Atif Akin (born 1979, Bandırma, Turkey) is a Turkish-born artist, designer, and educator whose work explores intersections of science, nature, mobility, and politics through a technoscientific lens. He is currently an Associate Professor at the Department of Art & Design at the Mason Gross School of the Arts, Rutgers University in New Jersey, United States.

== Early life and education ==
Akin earned a B.S. in Chemical Engineering and an M.Sc. in Industrial Design from Middle East Technical University (METU) in Ankara, Turkey. His educational background in both science and design informs his interdisciplinary artistic practice.

== Academic and professional career ==
Akin began his academic career teaching in Istanbul, Europe, and the United States. From 2006 to 2011, he was on the faculty at Istanbul Bilgi University, directing the MFA in Visual Communication Design.

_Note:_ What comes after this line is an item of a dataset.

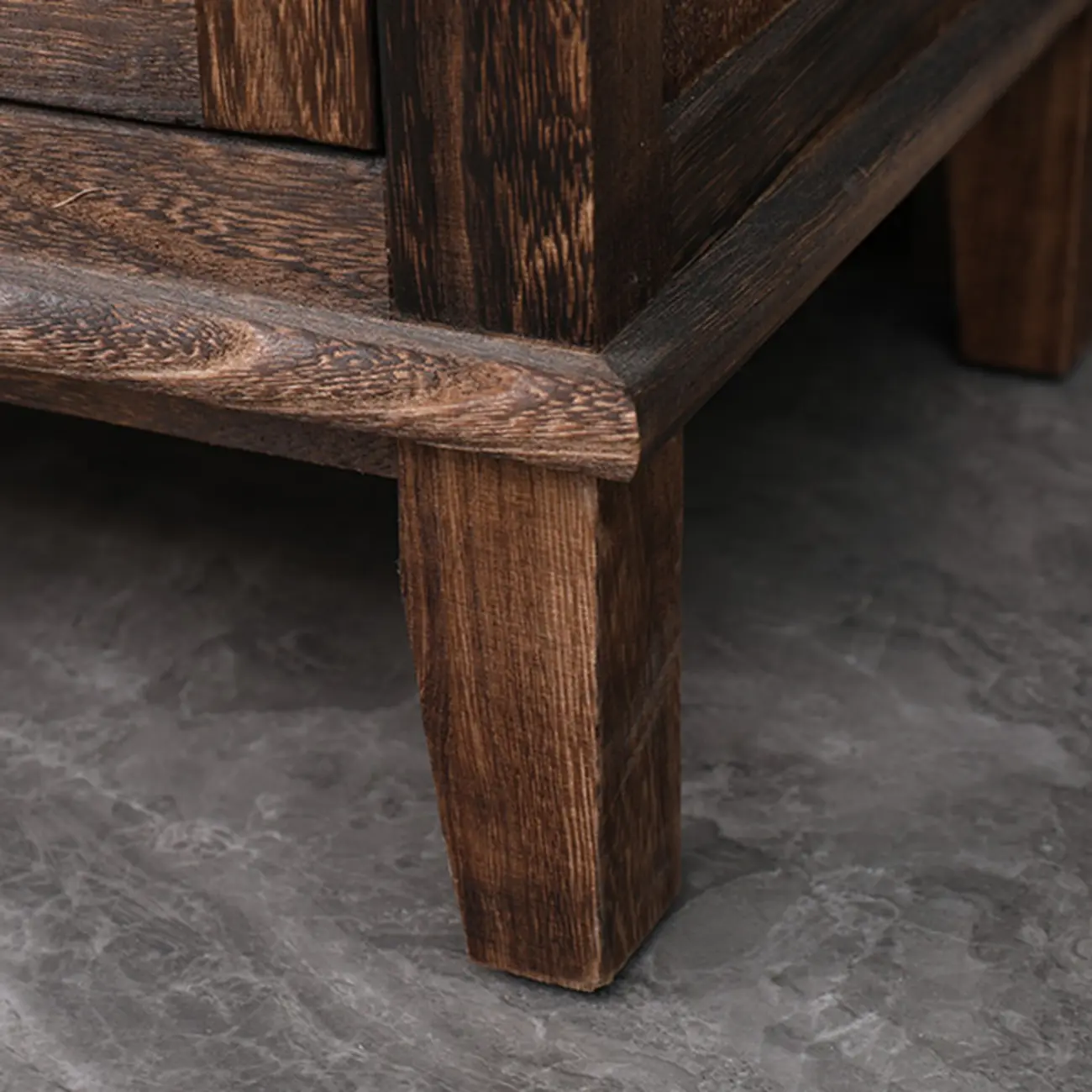 Modern Rectangular Accent Cabinet with Exterior Shelf   Image - 10 | homeyfad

In 2011, he joined Rutgers University and has since contributed to the development of the MFA in Design program. He has worked across disciplines and served as a fellow at Rutgers' Center for Cultural Analysis.

== Artistic practice ==
Akin’s work spans data visualization, immersive installation, and media theory, addressing themes like radiation, digital culture, and political memory. His projects include:

- Mutant Space (2010–2020), a research-based series on nuclear mobility.
- Mutant Time (2022), a survey work on radiation and archaeology, 17th Istanbul Biennial.
- Tepoto Sud morph Moruroa (2019), exhibited in Singapore, France, and Sweden.
- Apricots from Damascus (2015), zine and exhibition project co-produced by SALT and apexart.
- O (2024), a site-specific installation in Istanbul, part of Ars Electronica.
- Teaching a GAN the Alphabet (2024), Istanbul Modern.
- Ptolemy (2022), commissioned by Michigan State and Princeton Universities.
- Empire Front (2014), focused on surveillance and war.
- Uncharted (2009), a curated exhibition and publication at SantralIstanbul, co-curated in cooperation with ZKM.

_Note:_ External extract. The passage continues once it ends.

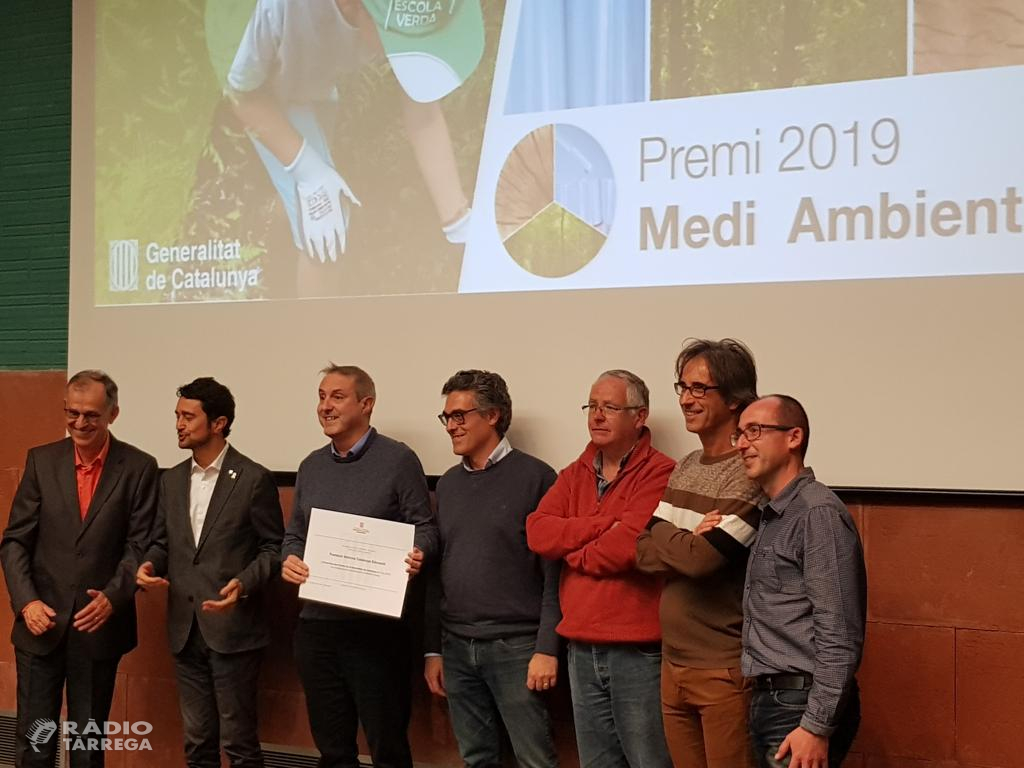 Premi Escoles Verdes 2019 al treball en xarxa de Vedruna Catalunya Educació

His work is included in the Younger Than Jesus artist directory by the New Museum.

== Exhibitions ==
Akin’s work has featured in over 40 exhibitions internationally. Selected:

- Mutant Time, 17th Istanbul Biennial (2022)
- Signals, Pilot Gallery, Istanbul (2024)
- Teaching a GAN the Alphabet, Istanbul Modern (2024)
- O, Ars Electronica, Austria (2024)
- Tepoto Sud morph Moruroa, BASE Gallery, Royal Institute of Art, Le Fresnoy (2018–19)
- The Oceanic, NTU CCA, Singapore (2017)
- Tidalectics, TBA21, Vienna (2017)
- Apricots from Damascus, SALT Galata, Istanbul (2015)
- Empire Front, Columbia University & CUNY (2014–2016)

== Teaching and service ==
At Rutgers, Akin teaches courses on design, digital media, computation, and research methods. He has advised MFA and undergraduate theses, developed the MFA in Design curriculum, and organized interdisciplinary collaborations on Critical AI and design research.

== Publications and press ==
His work is featured in Tidalectics (MIT Press), Greenlight - An Artistic Workshop (Sternberg Press), Climates. Habitats. Environments. (MIT Press), and others.